I am an FFL, this is likely a question only the ATF can answer but I thought I would bounce it off of you guys for fun. I wonder if we could get away with manufacturing lowers that are basically just cut down the middle like in pic related, adding some bolt holes and modifications to them for structure. Then selling them as 80% unfinished. Don't include the bolts, just the two halves. Sell that with an assembly kit and you basically have an ar-15 that someone can assemble with nothing other than a crescent wrench.

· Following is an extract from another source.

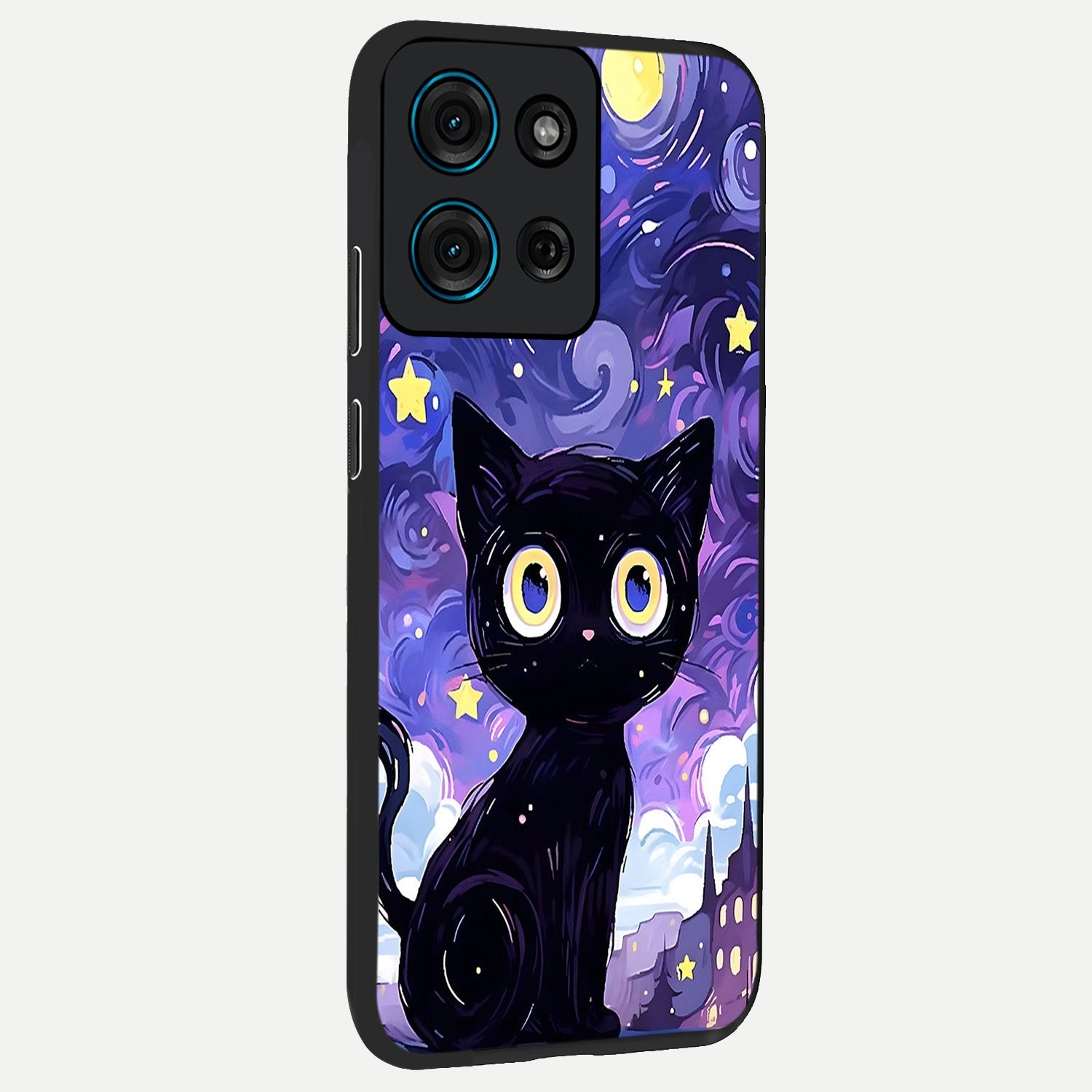 Abstract Cat Art Glass Case upright view showcasing creative feline illustration and aesthetic artistic style.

Other plus is, this is the kind of thing that is very easy for a CNC to mill.
I am an FFL, this is likely a question only the ATF can answer but I thought I would bounce it off of you guys for fun...
you are dumb and if you bothered to think for even a second how an AR lower is made you would realize how dumb you were
Even if you could do that it wouldn't fly with the ATF.

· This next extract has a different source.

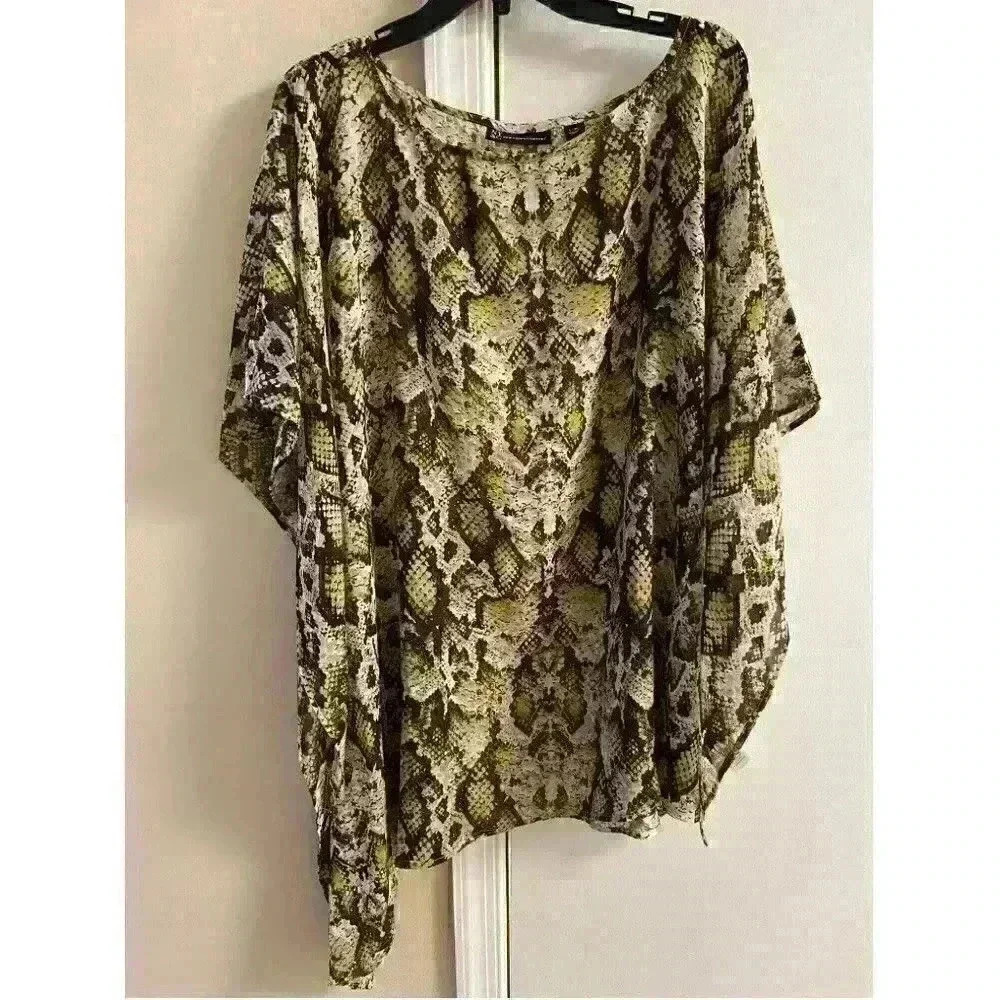 NEW YORK & co. Snake skin print sheer Asymmetrical coverup L/XL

Think about how they require to destroy a receiver so it isn't considered a firearm.
>Use an oxy/acetylene torch (not band sawed)
>Must remove at least ¼ inch of metal per cut
>Must be made at angles and completely sever the receiver in at least 3 critical locations (specified by model)
No, but if you form 4 legally independent firms, then yes.
1 company buys 80's and splits them in half and then sells the left side to one company, and the right side to another company. Then the 4th company sources the bolts.
Make sure that the two companies own their own machining equipment, or they contract machining operations from a 5th legally independent firm.
Doesn't matter that you are one person, corporations are people, and because their property is distinct, the ATF can fuck off.
It's safest for the left receiver half and the right receiver half companies to never refer to one another in public statements/advertisements and never enter into contracts with each other. Also, never use the term 'receiver' internally.
So don't make a firearm in the first place faggot. If it doesn't become a firearm anywhere in the process, then it isn't a firearm.
No because cutting a receiver in half doesn't make it not a gun
So what kind of legal precedence would they have if the parts were deliberately manufactured as singular pieces, let's say divvied in thirds as is regulation, with 1/4" of the material removed, and then someone built uniform spacers to finish the gun? Surely it's possible to reunite the receiver in such a way, although it would be suboptimal you could still manufacture a working weapon, right?
>Bolting together thin aluminum.
The retardation involed to think this was in any way an acceptable idea is disturbing.
Also, you can't bundle them together because although that's completely legal, the ATF is full of (((marxists))).
At that point someone may as well just by an 80% lower. Would be cheaper that way.